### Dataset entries
************

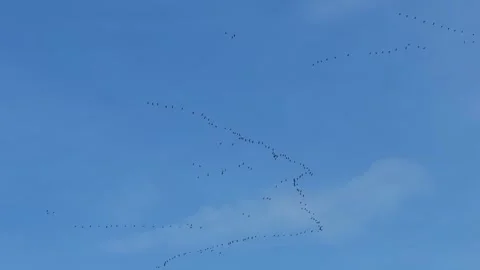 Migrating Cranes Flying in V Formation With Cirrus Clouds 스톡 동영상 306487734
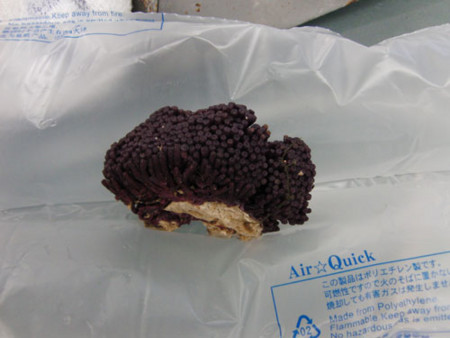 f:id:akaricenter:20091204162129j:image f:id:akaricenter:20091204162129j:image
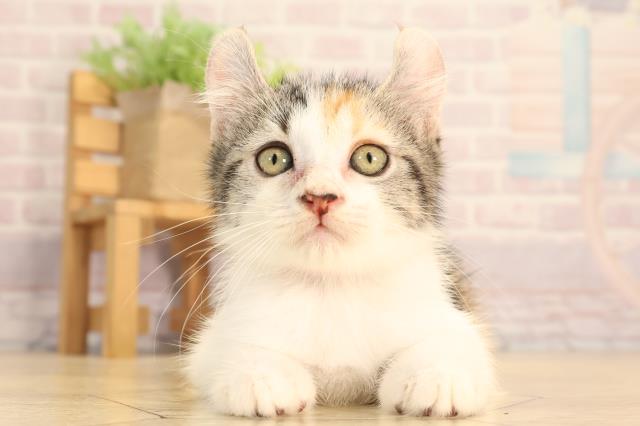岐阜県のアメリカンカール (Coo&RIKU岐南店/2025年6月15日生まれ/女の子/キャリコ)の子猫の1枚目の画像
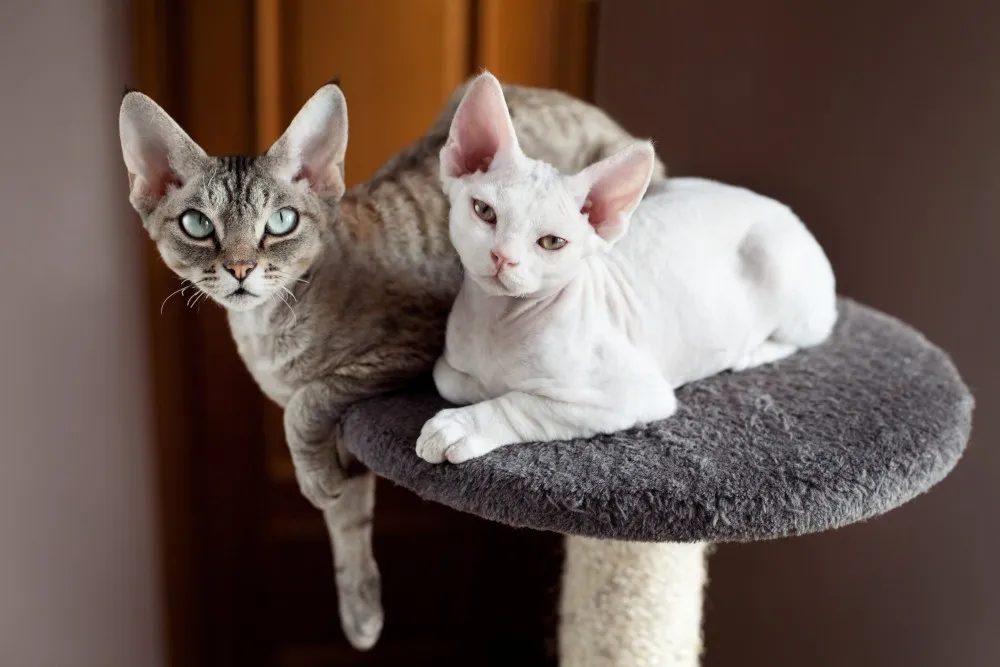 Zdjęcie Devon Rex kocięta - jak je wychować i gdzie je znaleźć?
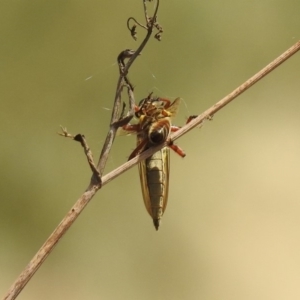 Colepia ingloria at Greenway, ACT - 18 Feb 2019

************

### WHAT IS NEEDED
Pictures aside, repeat each entry in full and without change.

### TASK RESULT
 Migrating Cranes Flying in V Formation With Cirrus Clouds 스톡 동영상 306487734
 f:id:akaricenter:20091204162129j:image f:id:akaricenter:20091204162129j:image
岐阜県のアメリカンカール (Coo&RIKU岐南店/2025年6月15日生まれ/女の子/キャリコ)の子猫の1枚目の画像
 Zdjęcie Devon Rex kocięta - jak je wychować i gdzie je znaleźć?
 Colepia ingloria at Greenway, ACT - 18 Feb 2019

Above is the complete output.